How to Read x86/x64 Disassembler Output

There is also an interactive intro to this: http://wordsandbuttons.online/you_dont_have_to_learn_assembly_to_read_disassembly.html

There are several reasons why you might want to read x86 disassembly instead of some readable source files, but they all boil down to one. Compilers do not always do what you expect from them. Sometimes they fail to optimize pretty obvious things like inline a function, or unroll a cycle, or use super-scalar operations. And sometimes we can help them with very little effort.

You don’t have to get your hands on the assembly itself, but knowing the guts of your code helps you help the compiler. You can reimplement some function in a way it becomes pure, and the compiler would gladly inline it. Or change loop index type to native so the compiler would unroll it. Or tinker with function arguments to hint the compiler to put them all in one big register. These are the easiest things that bring immediate gain with little cost.

And you don’t have to actually know assembly language to get useful information from disassembly output. Although language proficiency helps, you only have to know very basic things to collect useful evidence from it. For instance, most of the time your point of interest would be simple `call` instruction, which is meant to literally call some function. By looking at calls only, you will see a lot about the intrinsic structure of your code. You can tell what functions are inlined and what not for the very least.
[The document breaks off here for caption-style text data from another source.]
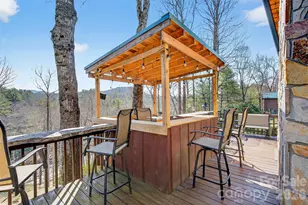 542 Allen Mountain Ln, Spruce Pine, NC 28777 - Photo 9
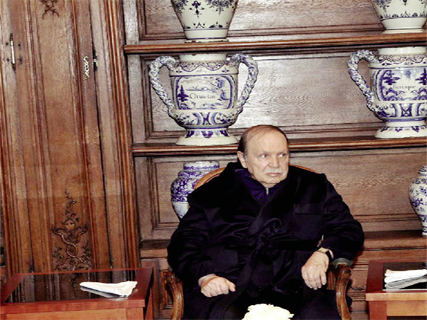 Maladie de bouteflika, absence de candidats et de précampagne ,La présidentielle de 2014 prise en otage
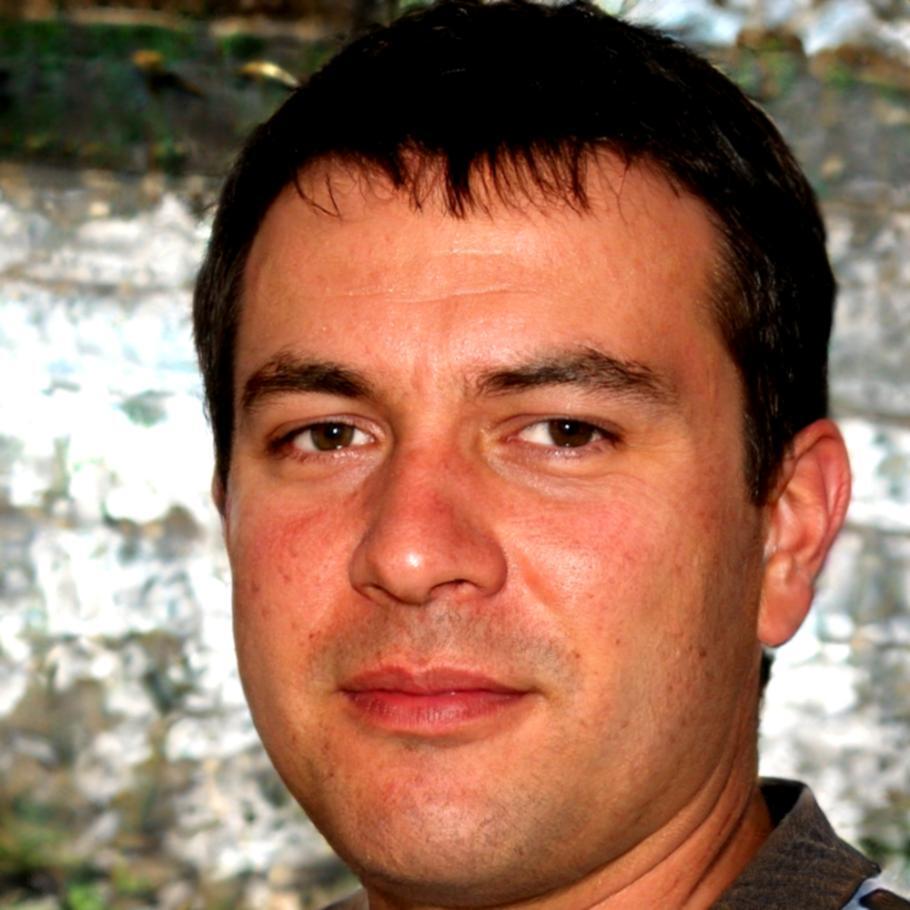 Portrait de Romain Delacroix, fondateur de inovarquento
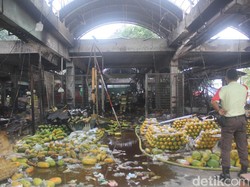 Total 350 Kios Buah Terbakar di Pasar Induk Kramat Jati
Or you can use your debugger and do down into some third-party code with no source on your hands, and get an impression of what’s going on in it only by reading function names and observing call graph. So even knowing single instruction is enough to make use of disassembly.

Still, there are about seven hundred of them in x86 instruction list as for 2016, and the number will only rise as Intel is determined to preserve backward compatibility. And there are not only instructions, but registers, flags, interrupts, directives and macroses, coding conventions etc. Although assembly programming is fun and educational, it is hardly the skill you want to invest this much into. So let’s only highlight the very essentials.

Structure of Disassembly

Usually what you would have to deal looks somewhat like this:

000000be    mov    eax,dword ptr [rsp+20h] 
000000c2 mov dword ptr [rsp+00000088h],eax
000000c9 mov rax,qword ptr [rsp+000000C0h]
000000d1 cmp byte ptr [rax],0
000000d4 mov rdx,qword ptr [rsp+000000C0h]
000000dc mov r9d,dword ptr [rsp+34h]
000000e1 mov r8d,dword ptr [rsp+38h]
000000e6 lea rcx,[rsp+68h]
000000eb call FFFFFFFFF18E52D8

The hexadecimal number on the left is the instruction address. Most of the time it’s not important. But sometimes disassembler can’t decipherer function name for you so it uses addresses in calls and conditional branches, so it might suddenly get useful.
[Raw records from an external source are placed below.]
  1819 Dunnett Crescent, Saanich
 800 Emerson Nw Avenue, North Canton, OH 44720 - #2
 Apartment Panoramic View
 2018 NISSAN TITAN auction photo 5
The short word in the middle is the instruction mnemonic. It is not the same as the opcode, or machine code, as opcode is also dependent on mnemonics argument. For instance, `call` may turn into 3 different opcodes depending on what type of address it is provided with.
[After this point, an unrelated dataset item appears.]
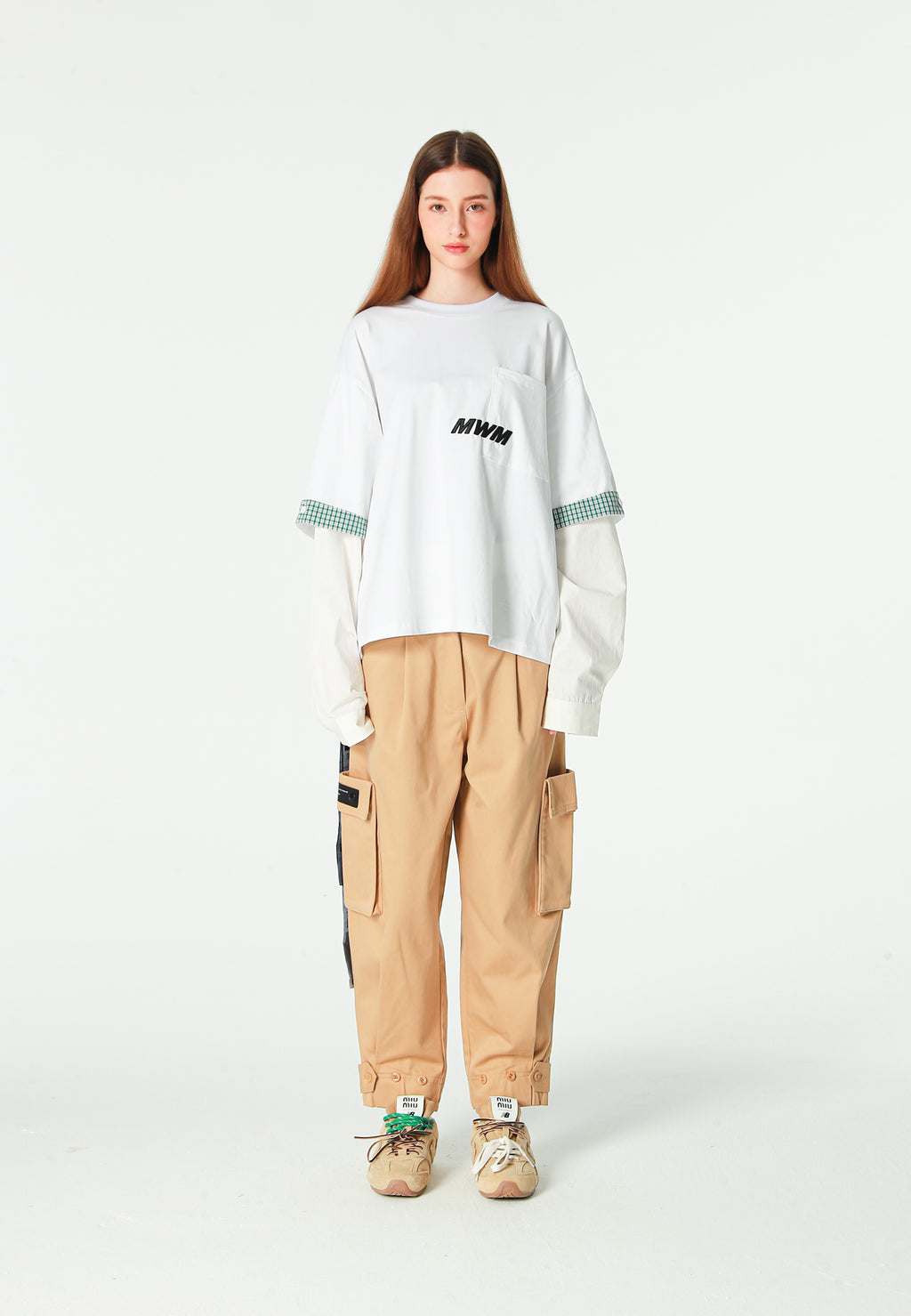 Pantalón cargo de corte relajado con doble cintura y bolsillos laterales | MWM [PS_COLORS:BEIGE]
The unspeakables on the right are the mnemonic arguments. In Intel tradition, they are read right to left, so:

mov eax, dword ptr [rsp+20]

actually means:

move 4 bytes that lie 20 bytes from the stack head to the `eax` register.

Instructions are imagined to run consequently from top to bottom. This is not exactly so. Modern processors can execute several instructions at the same time or some of them out of order at all. But we can stay assured that when the order of execution matters, it will be preserved. This way we can walk through the code with the debugger line by line and the result will not differ from what we get after the actual code run.

Data Types

Assembly has a very simple type system. It’s all native types. You might know them as byte, word, double word and quadruple word. Super-scalar instructions operate on “packed” version of this types. For instance packed word in 128-bit MMX context is 8 words packed together in one register.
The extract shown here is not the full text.